Insecticide-impregnated mosquito nets are the best strategy to prevent the bites of malaria-transmitting mosquitoes. Nets offer double protection: on the one hand they are a physical barrier, as mosquitoes cannot cross the net, and on the other hand a chemical barrier as the insecticide is able to kill them once they are exposed to it. The pioneering work of Dr. Pedro L. Alonso in The Gambia in the late 1980s demonstrated the impact of nets on preventing disease, and more importantly, the mortality of children who used them.


Closed mosquito net.





Two malaria giants: portrait of Dr. Pedro L. Alonso.


Pedro L. Alonso is an epidemiologist specializing in diseases that affect the world's most vulnerable populations, particularly malaria. He began his career as a researcher in The Gambia, where he demonstrated the effectiveness of mosquito nets impregnated with insecticide as a measure to prevent the bite of the mosquito that transmits the disease. Nowadays, mosquito nets are the most widely used malaria prevention tool in the world. Another of his major contributions has been the clinical development and early evaluations of the RTS, S malaria vaccine, the only vaccine against a parasitic disease currently approved. After moving to Barcelona in 1991, Pedro L. Alonso helped create the International Health Service of the Hospital Clínic i Provincial de Barcelona. Years later, he founded and directed the Barcelona International Health Research Center (CRESIB), which was the basis of the current Barcelona Institute of Global Health (ISGlobal). In this facet of promoter of scientific institutions of excellence, promoted the creation of the Manhiça Health Research Center (CISM) in Mozambique, created in 1996. Since 2014, Pedro L. Alonso directs the World Health Program WHO Malaria, from where it coordinates the efforts of the highest health authority worldwide to control and eliminate this dreaded disease.



Two malaria giants: portrait of Clara Menéndez.


Clara Menéndez is a doctor specializing in family medicine, community health and preventive medicine with a career of more than 25 years in the field of maternal and child health. He has worked in India, Latin America and Papua New Guinea, although it is in sub-Saharan Africa where he has done most of his work, especially in The Gambia, Tanzania and Mozambique. He has devoted much of his career to describing the key determinants of maternal, reproductive, and neonatal health issues, and to the development and evaluation of new interventions in this area. She has made important contributions to understanding the pathophysiology and parasitic biology of malaria during pregnancy, as well as its clinical consequences for both mother and baby. It has also significantly contributed to the understanding of anemia, its role in infection, and the effect of iron supplements. He has also been a key member of the founding team of the Manhiça Health Research Center (CISM)She is currently the director of the Maternal, Child and Reproductive Health Initiative of the Barcelona Institute of Global Health (ISGlobal), from where she directs several studies focused on researching malaria during pregnancy, HIV prevention and other STDs in mothers and infants, and the causes and prevention of maternal mortality. She is also a WHO consultant on malaria control in children and pregnant women.

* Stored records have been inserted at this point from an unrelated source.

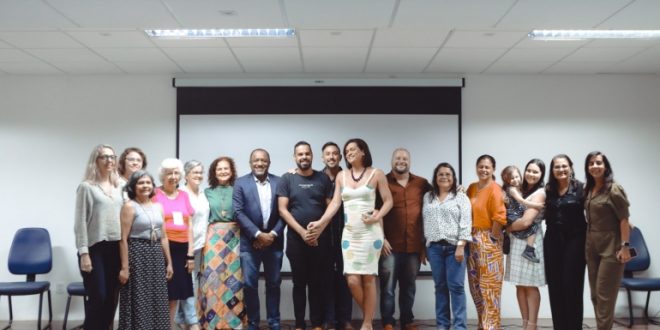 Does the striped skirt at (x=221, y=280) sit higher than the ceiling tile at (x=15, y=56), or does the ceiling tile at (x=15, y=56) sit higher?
the ceiling tile at (x=15, y=56)

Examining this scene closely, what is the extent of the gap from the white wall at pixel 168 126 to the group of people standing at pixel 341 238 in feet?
4.44

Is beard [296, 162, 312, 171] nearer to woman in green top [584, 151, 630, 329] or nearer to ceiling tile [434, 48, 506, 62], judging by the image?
ceiling tile [434, 48, 506, 62]

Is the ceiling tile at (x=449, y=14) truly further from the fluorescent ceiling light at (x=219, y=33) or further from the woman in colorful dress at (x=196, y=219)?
the woman in colorful dress at (x=196, y=219)

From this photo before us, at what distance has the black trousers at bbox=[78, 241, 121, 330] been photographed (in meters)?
3.73

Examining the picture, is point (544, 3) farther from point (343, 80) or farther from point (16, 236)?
point (16, 236)

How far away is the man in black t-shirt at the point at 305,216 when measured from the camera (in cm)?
457

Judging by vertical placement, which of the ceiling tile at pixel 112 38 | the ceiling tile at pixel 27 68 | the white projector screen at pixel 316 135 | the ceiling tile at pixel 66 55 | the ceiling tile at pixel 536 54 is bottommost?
the white projector screen at pixel 316 135

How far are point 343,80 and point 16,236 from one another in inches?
144

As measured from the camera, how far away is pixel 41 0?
3.79 meters

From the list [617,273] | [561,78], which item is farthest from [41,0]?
[561,78]

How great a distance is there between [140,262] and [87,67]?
271 cm

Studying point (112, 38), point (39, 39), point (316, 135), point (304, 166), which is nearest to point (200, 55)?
point (112, 38)

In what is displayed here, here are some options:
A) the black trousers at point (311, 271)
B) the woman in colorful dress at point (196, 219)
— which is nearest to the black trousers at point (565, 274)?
the black trousers at point (311, 271)

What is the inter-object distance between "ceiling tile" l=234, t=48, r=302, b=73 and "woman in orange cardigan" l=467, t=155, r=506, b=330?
2005mm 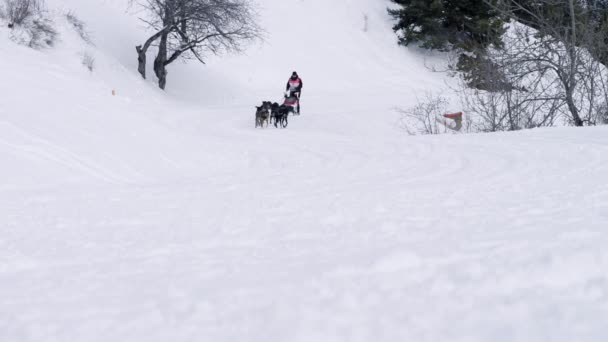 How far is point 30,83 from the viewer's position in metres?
8.55

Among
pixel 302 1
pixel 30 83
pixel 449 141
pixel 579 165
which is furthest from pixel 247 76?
pixel 579 165

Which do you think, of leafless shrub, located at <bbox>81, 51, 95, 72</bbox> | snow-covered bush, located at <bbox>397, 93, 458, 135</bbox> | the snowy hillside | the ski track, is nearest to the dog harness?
snow-covered bush, located at <bbox>397, 93, 458, 135</bbox>

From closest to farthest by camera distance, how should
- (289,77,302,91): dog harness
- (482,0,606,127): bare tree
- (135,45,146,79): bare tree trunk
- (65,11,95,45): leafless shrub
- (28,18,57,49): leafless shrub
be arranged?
(482,0,606,127): bare tree < (28,18,57,49): leafless shrub < (289,77,302,91): dog harness < (65,11,95,45): leafless shrub < (135,45,146,79): bare tree trunk

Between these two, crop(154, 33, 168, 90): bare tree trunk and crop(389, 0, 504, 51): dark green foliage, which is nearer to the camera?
crop(154, 33, 168, 90): bare tree trunk

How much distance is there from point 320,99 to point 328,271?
60.1 feet

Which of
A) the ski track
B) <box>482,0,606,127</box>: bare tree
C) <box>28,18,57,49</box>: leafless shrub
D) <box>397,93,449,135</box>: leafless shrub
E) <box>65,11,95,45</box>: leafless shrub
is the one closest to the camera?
the ski track

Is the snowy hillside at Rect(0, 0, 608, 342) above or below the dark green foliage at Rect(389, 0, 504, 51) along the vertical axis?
below

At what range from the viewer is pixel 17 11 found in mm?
14305

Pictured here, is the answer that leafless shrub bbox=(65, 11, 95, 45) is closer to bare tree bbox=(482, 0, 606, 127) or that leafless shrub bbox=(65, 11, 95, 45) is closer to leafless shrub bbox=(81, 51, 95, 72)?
leafless shrub bbox=(81, 51, 95, 72)

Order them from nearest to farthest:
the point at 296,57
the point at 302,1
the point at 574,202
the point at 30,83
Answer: the point at 574,202, the point at 30,83, the point at 296,57, the point at 302,1

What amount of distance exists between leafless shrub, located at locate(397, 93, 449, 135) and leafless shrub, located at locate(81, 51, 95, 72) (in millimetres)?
9784

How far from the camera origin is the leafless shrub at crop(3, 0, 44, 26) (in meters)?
14.1

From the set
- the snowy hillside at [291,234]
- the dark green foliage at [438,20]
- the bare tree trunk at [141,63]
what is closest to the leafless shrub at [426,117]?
the snowy hillside at [291,234]

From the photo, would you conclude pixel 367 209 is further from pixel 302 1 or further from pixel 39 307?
pixel 302 1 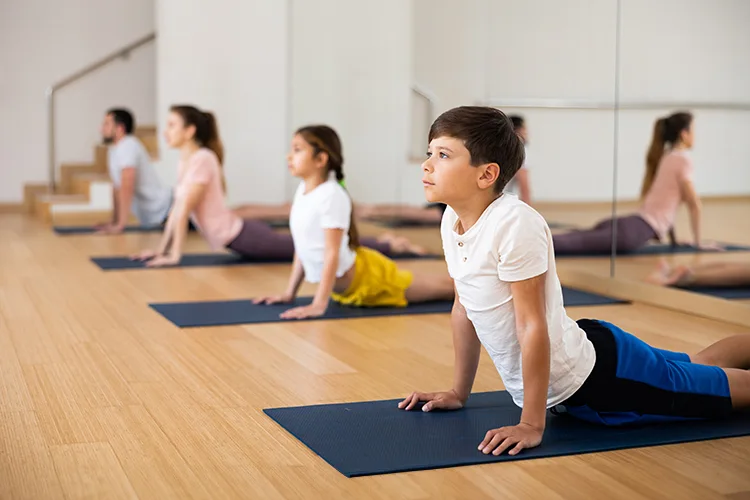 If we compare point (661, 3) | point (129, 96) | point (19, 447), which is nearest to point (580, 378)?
point (19, 447)

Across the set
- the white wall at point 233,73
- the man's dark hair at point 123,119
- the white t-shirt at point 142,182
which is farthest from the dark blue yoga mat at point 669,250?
the white wall at point 233,73

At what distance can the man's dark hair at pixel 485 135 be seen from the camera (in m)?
2.10

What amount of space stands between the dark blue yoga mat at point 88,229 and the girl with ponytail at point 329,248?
9.96 ft

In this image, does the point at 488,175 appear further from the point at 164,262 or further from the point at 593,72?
the point at 164,262

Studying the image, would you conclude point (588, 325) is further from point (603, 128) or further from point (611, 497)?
point (603, 128)

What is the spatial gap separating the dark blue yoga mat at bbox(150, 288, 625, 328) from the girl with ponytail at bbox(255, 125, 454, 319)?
0.16 feet

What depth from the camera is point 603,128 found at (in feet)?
13.6

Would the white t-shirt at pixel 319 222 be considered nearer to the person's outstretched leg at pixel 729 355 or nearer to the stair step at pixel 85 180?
the person's outstretched leg at pixel 729 355

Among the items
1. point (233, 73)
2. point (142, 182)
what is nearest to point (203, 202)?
point (142, 182)

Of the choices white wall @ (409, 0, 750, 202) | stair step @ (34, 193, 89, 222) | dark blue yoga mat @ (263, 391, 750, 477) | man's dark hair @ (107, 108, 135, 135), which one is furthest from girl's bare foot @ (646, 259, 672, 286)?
stair step @ (34, 193, 89, 222)

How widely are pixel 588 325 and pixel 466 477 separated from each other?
1.70 feet

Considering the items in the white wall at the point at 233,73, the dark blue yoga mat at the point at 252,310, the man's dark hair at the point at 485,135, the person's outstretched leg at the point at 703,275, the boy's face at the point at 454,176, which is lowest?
the dark blue yoga mat at the point at 252,310

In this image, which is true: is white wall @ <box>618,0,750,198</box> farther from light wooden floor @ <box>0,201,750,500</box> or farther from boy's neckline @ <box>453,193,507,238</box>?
boy's neckline @ <box>453,193,507,238</box>

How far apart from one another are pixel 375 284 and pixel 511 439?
5.92 feet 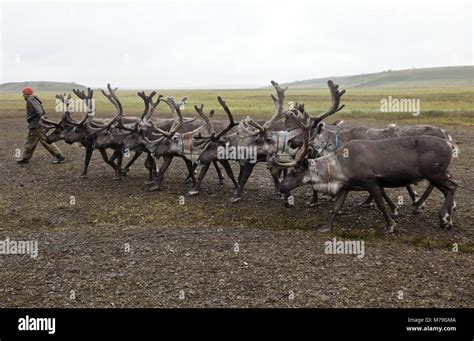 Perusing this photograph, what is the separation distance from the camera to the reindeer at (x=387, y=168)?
26.5 feet

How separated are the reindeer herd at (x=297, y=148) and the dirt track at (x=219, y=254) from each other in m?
0.48

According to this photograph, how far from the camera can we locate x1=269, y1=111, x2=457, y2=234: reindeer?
8.09 m

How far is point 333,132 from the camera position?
34.2 feet

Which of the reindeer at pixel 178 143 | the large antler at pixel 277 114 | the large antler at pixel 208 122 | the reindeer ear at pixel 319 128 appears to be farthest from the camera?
the reindeer at pixel 178 143

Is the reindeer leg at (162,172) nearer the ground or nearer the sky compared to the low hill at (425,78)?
nearer the ground

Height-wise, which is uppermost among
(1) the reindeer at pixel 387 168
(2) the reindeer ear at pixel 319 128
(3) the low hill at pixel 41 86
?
(3) the low hill at pixel 41 86

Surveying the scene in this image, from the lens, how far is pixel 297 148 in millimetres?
10469

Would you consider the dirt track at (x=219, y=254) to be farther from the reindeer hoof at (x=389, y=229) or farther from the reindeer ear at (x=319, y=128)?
the reindeer ear at (x=319, y=128)

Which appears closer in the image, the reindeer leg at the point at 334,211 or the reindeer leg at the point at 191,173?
the reindeer leg at the point at 334,211

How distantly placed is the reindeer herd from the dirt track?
1.58 feet

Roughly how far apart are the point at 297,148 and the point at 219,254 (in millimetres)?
3904

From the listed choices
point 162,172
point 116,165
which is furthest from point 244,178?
point 116,165

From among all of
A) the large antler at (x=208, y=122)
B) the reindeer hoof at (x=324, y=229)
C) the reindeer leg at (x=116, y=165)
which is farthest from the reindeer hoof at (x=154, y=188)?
the reindeer hoof at (x=324, y=229)

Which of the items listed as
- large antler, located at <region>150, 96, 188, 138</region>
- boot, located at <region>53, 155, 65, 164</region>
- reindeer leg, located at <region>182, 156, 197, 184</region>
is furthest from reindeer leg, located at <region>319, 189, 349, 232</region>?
boot, located at <region>53, 155, 65, 164</region> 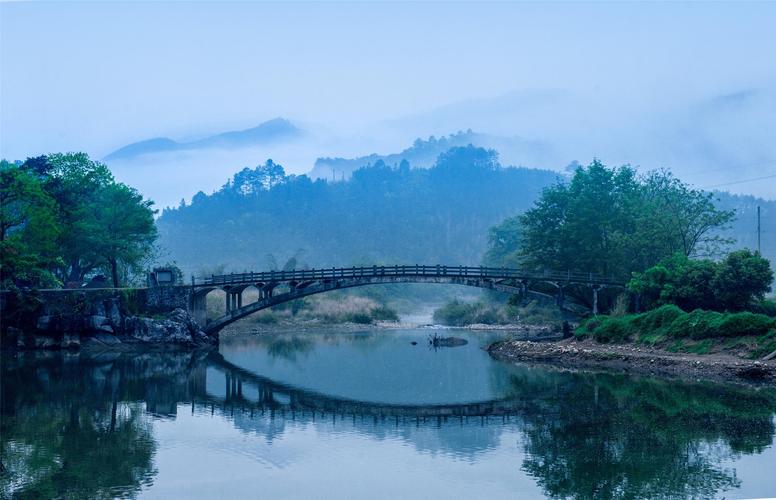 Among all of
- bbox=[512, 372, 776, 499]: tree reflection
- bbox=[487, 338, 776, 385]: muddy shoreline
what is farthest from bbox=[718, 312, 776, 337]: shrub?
bbox=[512, 372, 776, 499]: tree reflection

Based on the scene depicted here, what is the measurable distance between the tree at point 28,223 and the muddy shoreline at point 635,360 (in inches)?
1379

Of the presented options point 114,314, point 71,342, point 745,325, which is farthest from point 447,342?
point 71,342

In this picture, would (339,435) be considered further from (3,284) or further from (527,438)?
(3,284)

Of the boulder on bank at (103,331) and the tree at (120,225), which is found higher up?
the tree at (120,225)

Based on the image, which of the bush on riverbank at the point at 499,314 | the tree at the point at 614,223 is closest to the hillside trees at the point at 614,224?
the tree at the point at 614,223

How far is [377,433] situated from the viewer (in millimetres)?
31953

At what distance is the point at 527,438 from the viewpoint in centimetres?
2972

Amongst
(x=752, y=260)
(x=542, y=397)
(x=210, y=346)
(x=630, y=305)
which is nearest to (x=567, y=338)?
(x=630, y=305)

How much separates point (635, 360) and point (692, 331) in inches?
151

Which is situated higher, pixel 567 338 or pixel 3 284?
pixel 3 284

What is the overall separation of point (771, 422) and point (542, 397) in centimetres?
1110

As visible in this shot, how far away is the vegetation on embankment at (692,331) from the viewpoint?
144 ft

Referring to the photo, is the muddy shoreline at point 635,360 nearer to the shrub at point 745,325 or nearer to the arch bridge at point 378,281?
the shrub at point 745,325

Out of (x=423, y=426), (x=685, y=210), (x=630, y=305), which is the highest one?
(x=685, y=210) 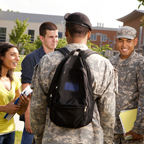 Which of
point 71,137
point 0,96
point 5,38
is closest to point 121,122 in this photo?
point 71,137

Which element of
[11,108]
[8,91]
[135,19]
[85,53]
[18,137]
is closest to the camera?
[85,53]

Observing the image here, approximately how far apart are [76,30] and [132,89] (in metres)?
1.49

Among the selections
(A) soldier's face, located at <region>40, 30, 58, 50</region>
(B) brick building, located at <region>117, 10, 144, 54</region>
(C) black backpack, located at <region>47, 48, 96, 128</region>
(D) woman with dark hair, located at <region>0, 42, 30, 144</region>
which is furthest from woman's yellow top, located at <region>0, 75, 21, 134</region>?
(B) brick building, located at <region>117, 10, 144, 54</region>

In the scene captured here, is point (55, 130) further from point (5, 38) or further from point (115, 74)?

Crimildo. Artistic representation of the CISM and the malaria vaccine project made by the Mozambican artist Crimildo.


Many of the recent successes of the Barcelona Institute of Global Health and the Hospital Clínic in the fight against malaria would not be understood without the strategic and historical collaboration of the Manhiça Health Research Center (CISM) of the southern Mozambique, started in 1996. Research conducted by the CISM has always been related to those diseases that affect the two most vulnerable populations: children and pregnant women, with malaria research being the most paradigmatic example. The CISM is funded by the government of Mozambique and the Spanish Agency for International Cooperation and Development (AECID). The CISM representation on display was made by the local artist Crimildo and belongs to the private collection of Dr. Pedro L. Alonso.